*Stored data*

□ □ □ □

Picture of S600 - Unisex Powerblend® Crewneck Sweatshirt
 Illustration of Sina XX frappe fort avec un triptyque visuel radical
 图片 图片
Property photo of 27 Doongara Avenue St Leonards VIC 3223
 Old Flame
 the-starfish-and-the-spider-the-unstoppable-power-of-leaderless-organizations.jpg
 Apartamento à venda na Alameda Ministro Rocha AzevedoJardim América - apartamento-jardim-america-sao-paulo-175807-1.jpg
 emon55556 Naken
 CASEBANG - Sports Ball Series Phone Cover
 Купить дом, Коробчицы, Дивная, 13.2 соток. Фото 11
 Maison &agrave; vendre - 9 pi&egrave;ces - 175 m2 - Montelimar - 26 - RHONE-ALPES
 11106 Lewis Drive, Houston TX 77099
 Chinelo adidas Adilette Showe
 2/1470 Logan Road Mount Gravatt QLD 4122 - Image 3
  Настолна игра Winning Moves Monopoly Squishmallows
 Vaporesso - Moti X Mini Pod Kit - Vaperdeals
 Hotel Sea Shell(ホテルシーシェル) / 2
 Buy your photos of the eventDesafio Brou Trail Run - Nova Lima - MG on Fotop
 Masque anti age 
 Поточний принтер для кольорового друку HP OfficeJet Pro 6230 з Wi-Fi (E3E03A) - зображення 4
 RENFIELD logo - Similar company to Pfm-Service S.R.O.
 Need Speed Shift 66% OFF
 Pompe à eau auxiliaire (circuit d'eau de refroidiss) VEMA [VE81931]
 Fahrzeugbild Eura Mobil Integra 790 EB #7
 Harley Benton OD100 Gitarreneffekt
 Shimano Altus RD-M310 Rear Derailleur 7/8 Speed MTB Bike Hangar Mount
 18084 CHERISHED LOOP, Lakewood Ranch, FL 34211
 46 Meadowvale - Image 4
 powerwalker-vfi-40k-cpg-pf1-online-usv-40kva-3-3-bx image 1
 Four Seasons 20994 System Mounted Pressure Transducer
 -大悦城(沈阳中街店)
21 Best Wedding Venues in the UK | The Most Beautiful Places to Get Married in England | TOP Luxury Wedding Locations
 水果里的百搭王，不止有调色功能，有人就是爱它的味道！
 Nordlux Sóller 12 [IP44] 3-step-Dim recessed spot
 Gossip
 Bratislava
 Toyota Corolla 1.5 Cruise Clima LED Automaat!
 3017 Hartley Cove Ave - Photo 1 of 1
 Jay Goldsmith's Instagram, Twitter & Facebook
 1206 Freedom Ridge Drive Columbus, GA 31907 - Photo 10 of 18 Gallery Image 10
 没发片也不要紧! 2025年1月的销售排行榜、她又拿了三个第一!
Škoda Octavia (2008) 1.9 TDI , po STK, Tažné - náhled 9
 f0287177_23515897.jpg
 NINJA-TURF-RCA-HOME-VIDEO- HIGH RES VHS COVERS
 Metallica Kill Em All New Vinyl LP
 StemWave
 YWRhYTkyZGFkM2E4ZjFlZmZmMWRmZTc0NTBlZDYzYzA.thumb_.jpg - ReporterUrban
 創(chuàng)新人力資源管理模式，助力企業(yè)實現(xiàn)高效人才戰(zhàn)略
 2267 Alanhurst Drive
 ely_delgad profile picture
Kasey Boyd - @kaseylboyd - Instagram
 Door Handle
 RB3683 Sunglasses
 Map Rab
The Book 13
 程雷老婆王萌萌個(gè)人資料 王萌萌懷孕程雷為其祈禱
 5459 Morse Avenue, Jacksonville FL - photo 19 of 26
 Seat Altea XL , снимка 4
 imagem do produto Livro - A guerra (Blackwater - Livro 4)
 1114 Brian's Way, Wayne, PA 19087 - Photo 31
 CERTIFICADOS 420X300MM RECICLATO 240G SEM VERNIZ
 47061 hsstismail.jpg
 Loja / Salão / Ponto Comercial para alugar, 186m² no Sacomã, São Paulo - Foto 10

□ □ □ □

Wherever the word "Drive" appears in a line of the data, copy that line.

 11106 Lewis Drive, Houston TX 77099
 1206 Freedom Ridge Drive Columbus, GA 31907 - Photo 10 of 18 Gallery Image 10
 2267 Alanhurst Drive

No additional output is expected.